#### [EXERCISE DETAILS]
Write out exactly the lines from the one with "this 800×534 image." through the last line of the data below, but not the pictures.

** DATA UNDER STUDY follows **

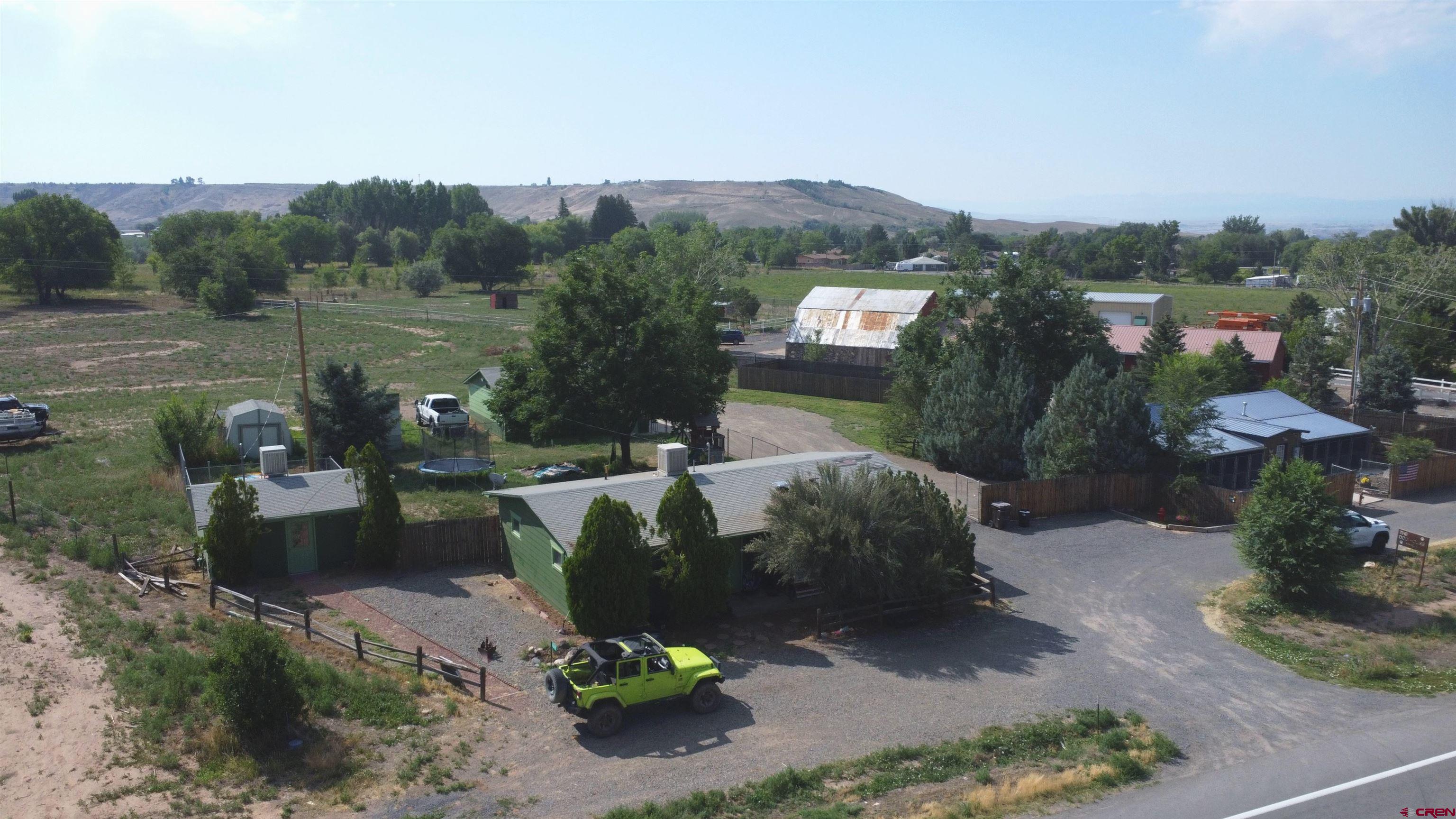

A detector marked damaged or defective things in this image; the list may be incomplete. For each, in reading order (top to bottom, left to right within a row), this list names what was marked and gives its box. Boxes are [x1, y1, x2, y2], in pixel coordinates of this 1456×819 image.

barn with rusty metal roof [786, 285, 932, 364]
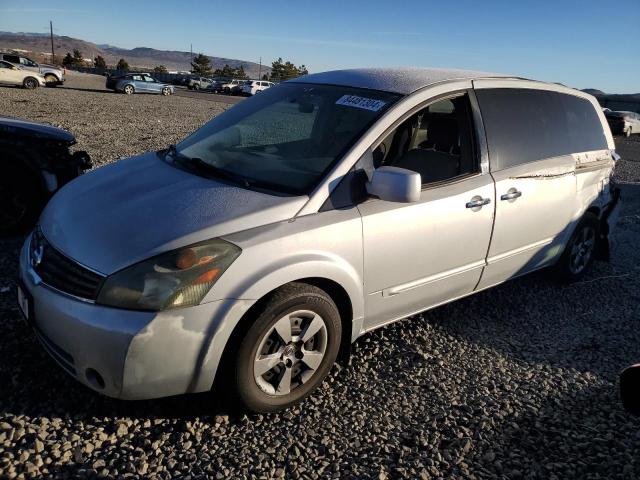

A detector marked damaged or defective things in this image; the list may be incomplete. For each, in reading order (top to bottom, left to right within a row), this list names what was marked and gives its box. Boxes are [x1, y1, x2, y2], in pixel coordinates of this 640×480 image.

damaged dark vehicle [0, 117, 91, 235]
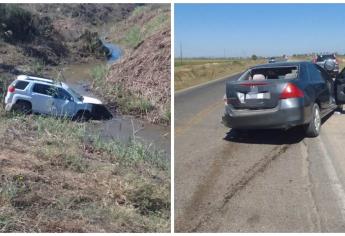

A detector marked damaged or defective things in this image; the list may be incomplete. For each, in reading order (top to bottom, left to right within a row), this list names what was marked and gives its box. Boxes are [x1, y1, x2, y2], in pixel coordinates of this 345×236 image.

crashed car in ditch [4, 74, 112, 121]
crashed car in ditch [222, 60, 344, 136]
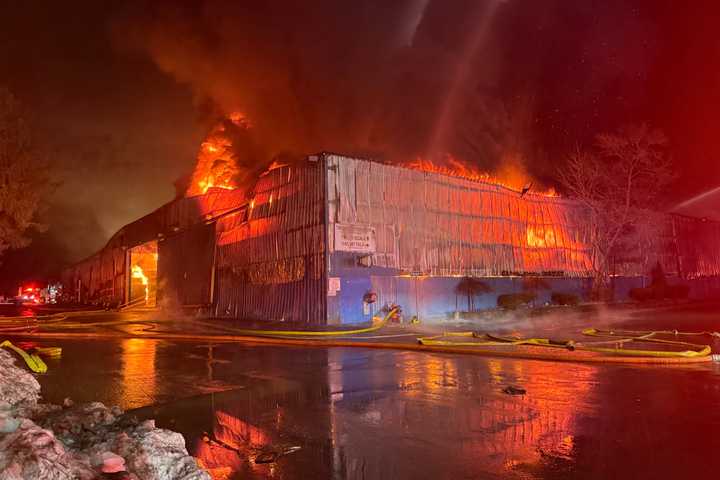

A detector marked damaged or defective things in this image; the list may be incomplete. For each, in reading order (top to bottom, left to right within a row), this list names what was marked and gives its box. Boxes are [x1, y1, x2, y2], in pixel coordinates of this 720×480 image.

charred metal wall [214, 160, 326, 322]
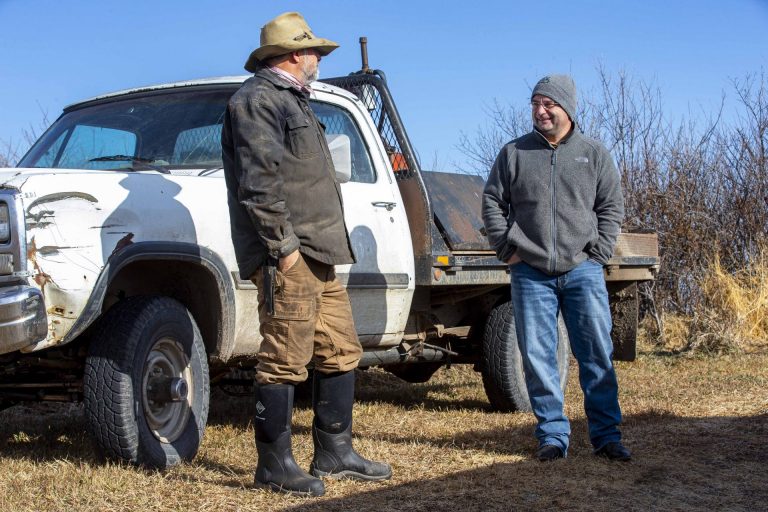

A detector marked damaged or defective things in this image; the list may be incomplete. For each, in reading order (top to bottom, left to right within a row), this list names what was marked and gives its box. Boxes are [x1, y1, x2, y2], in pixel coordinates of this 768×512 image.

rust patch [111, 232, 135, 256]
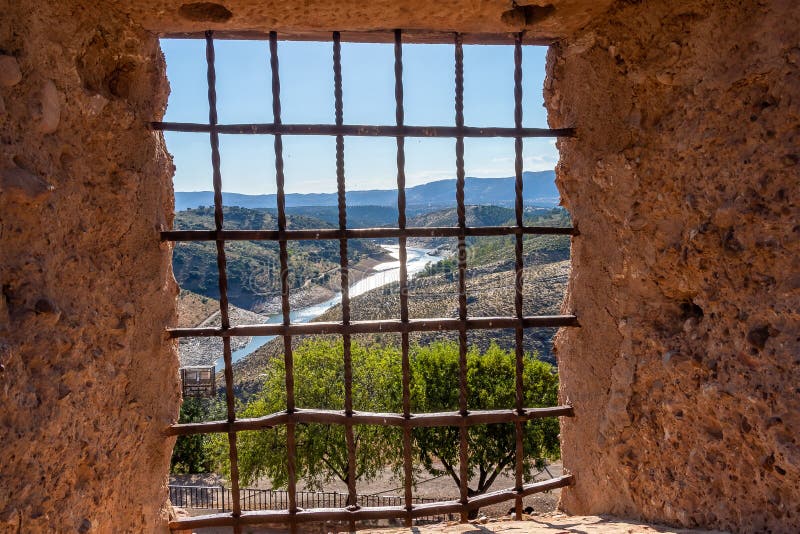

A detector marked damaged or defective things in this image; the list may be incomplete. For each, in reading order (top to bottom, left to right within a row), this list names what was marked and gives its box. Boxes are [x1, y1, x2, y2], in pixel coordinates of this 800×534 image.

rusty metal bar [152, 121, 576, 138]
rusty metal bar [161, 226, 576, 243]
rusty metal bar [200, 31, 241, 528]
rusty metal bar [268, 33, 298, 532]
rusty metal bar [330, 32, 358, 524]
rusty metal bar [392, 28, 412, 528]
rusty metal bar [169, 316, 580, 342]
rusty metal bar [166, 408, 572, 438]
rusty metal bar [167, 478, 568, 532]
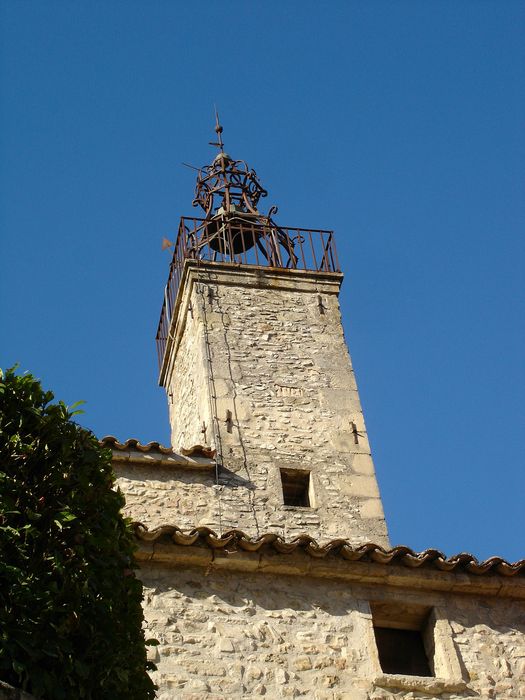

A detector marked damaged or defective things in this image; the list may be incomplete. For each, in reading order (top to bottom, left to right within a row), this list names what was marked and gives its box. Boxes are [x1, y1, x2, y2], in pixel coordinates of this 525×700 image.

** End of DATA UNDER STUDY **

#### [EXERCISE SOLUTION]
A detector marked damaged or defective things in this image; the list may be incomplete. For each, in reading order (top to bottom, left to right within a row), this list names what was marked and gives its box. Boxes are [x1, y1, x2, y2], in pixel coordinates of this 800×534 image.

rusty metal bar [152, 121, 576, 138]
rusty metal bar [161, 226, 576, 243]
rusty metal bar [200, 31, 241, 528]
rusty metal bar [268, 33, 298, 532]
rusty metal bar [330, 32, 358, 524]
rusty metal bar [392, 28, 412, 528]
rusty metal bar [169, 316, 580, 342]
rusty metal bar [166, 408, 572, 438]
rusty metal bar [167, 478, 568, 532]

A detector marked damaged or defective things in this image; the list may be incomplete. For each, in reading order (top to bottom, left to right within a row), this list names what was marked and gives its box. Boxes are [x1, y1, x2, y2], in pixel coordinates of this 525×700 image.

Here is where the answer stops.